[RFC PATCH 0/2] Introducing trace buffer mapping by user-space

From: Vincent Donnefort
Date: Sun Feb 12 2023 - 10:33:13 EST


Hi all,

We (Android folks) have been recently working on bringing tracing to the
pKVM hypervisor (more about pKVM? [1] [2]) reusing as much as possible the
tracefs support already available in the host. More specifically, sharing
the ring_buffer_per_cpu between the kernel and the hypervisor, the later
being the writer while the former is only reading. After presenting this
endeavour at the tracingsummit, end of last year [3], Steven observed this
is a similar problem to another idea he had a while ago: mapping the
tracing ring buffers directly into userspace.

The tracing ring-buffer can be stored or sent to network without any copy
via splice.

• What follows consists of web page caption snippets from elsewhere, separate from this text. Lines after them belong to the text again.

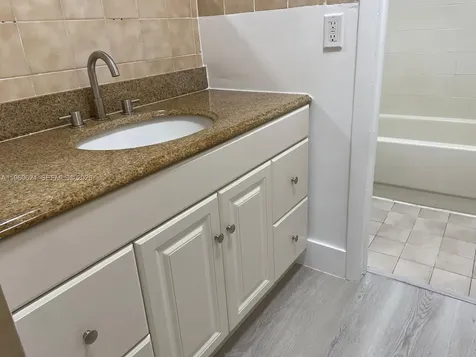 1075 W 68th Street Hialeah FL 33014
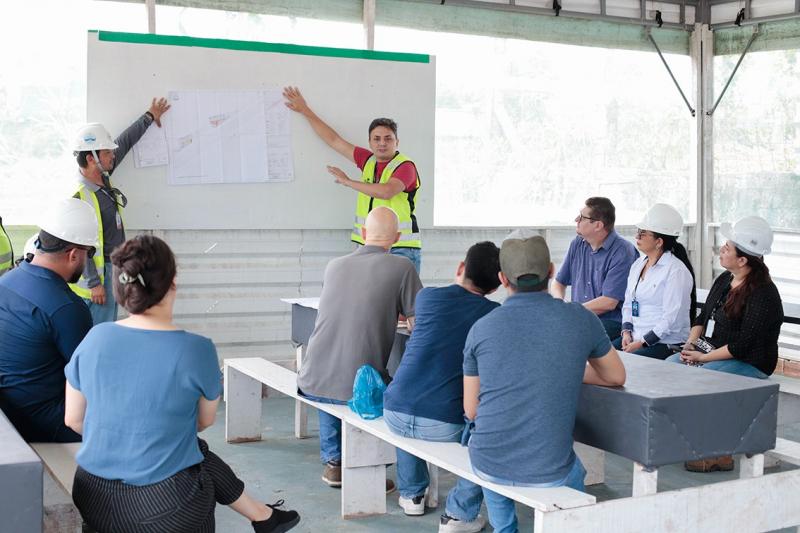 Programa Tô na Obra, da UGPE, apresenta obras do Prosamin+ para universitários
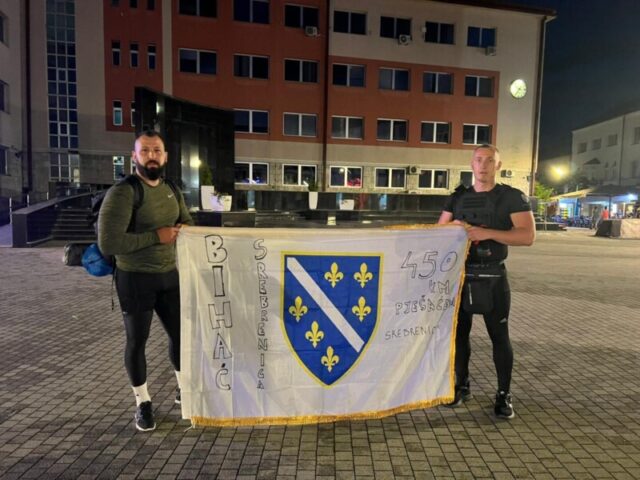 Albin Smajlović i Adil Ćenanović pješice krenuli ka Srebrenici – u znak počasti žrtvama genocida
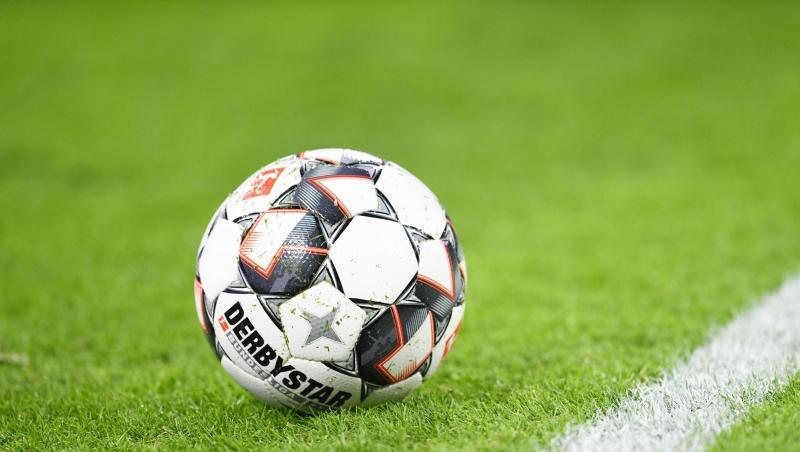 Ein Spielball liegt auf dem Rasen.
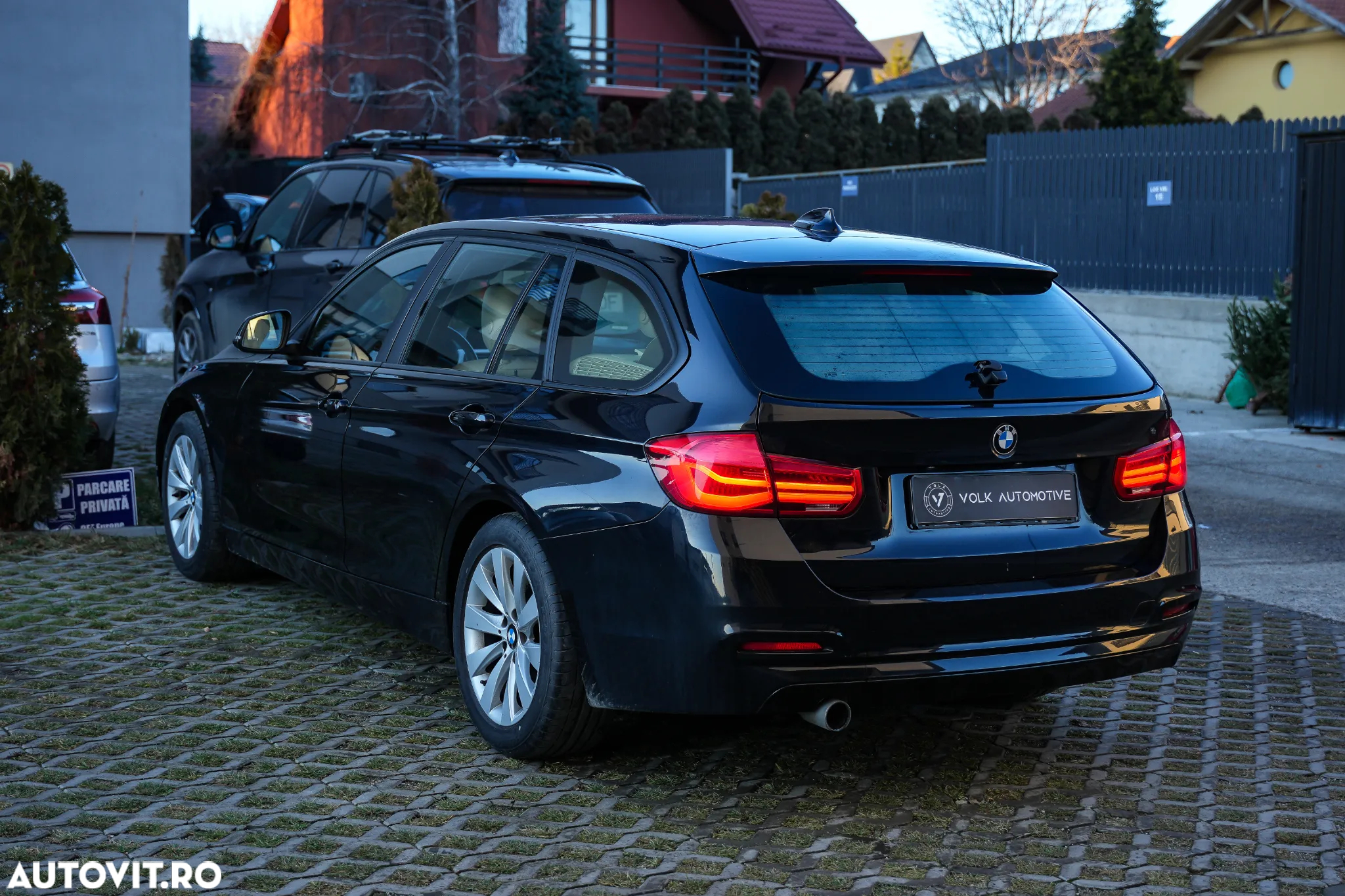 BMW Seria 3 318i Touring - 5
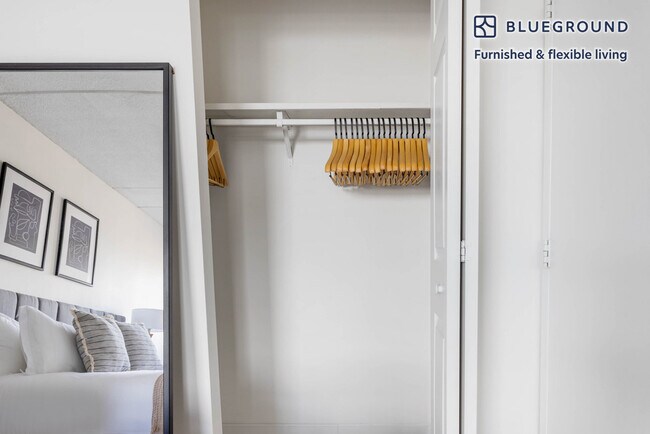 Building Photo - 10 Magazine St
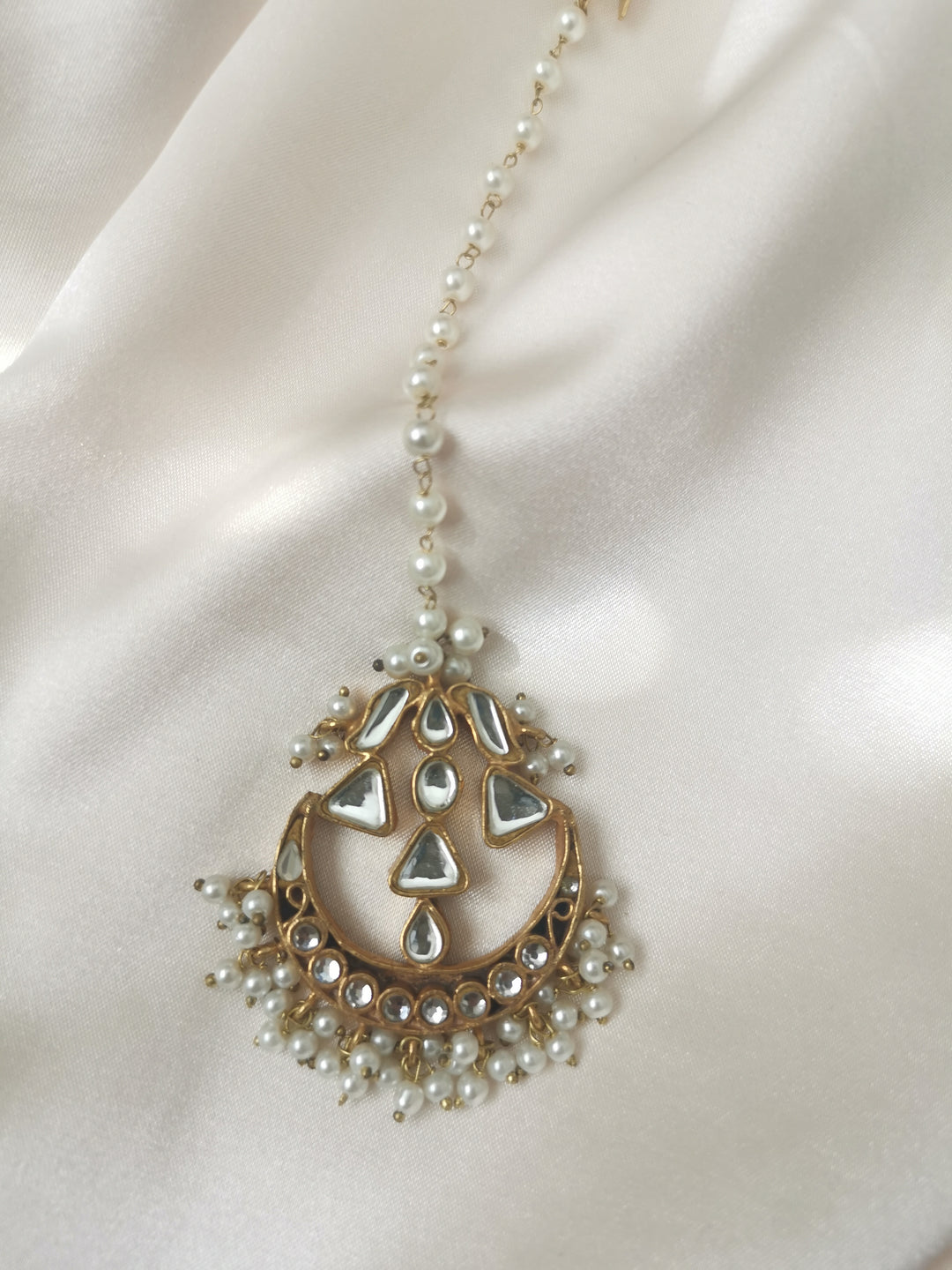 Kundan style pearl tikka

However the later doesn't allow real time processing of the
traces by userspace without a copy, which can only be achieved by letting
userspace map directly the ring-buffer.

And indeed, in both ideas, we have a ring-buffer, an entity being the
writer, the other being a reader and both share the ring buffer pages while
having different VA spaces. So here's an RFC bringing userspace mapping of
a ring-buffer and if it doesn't cover the pKVM hypervisor it nonetheless
brings building blocks that will be reused later.

Any feedback very much appreciated.

Vincent

[1] https://lwn.net/Articles/836693/
[2] https://www.youtube.com/watch?v=9npebeVFbFw
[3] https://tracingsummit.org/ts/2022/hypervisortracing/

--

As an example, Steve wrote this quick demo that only needs libtracefs:

#include <stdio.h>
#include <stdlib.h>
#include <string.h>
#include <stdarg.h>
#include <errno.h>
#include <unistd.h>
#include <tracefs.h>
#include <kbuffer.h>
#include <event-parse.h>

#include <asm/types.h>
#include <sys/mman.h>
#include <sys/ioctl.h>

#define TRACE_MMAP_IOCTL_GET_READER_PAGE _IO('T', 0x1)
#define TRACE_MMAP_IOCTL_UPDATE_META_PAGE _IO('T', 0x2)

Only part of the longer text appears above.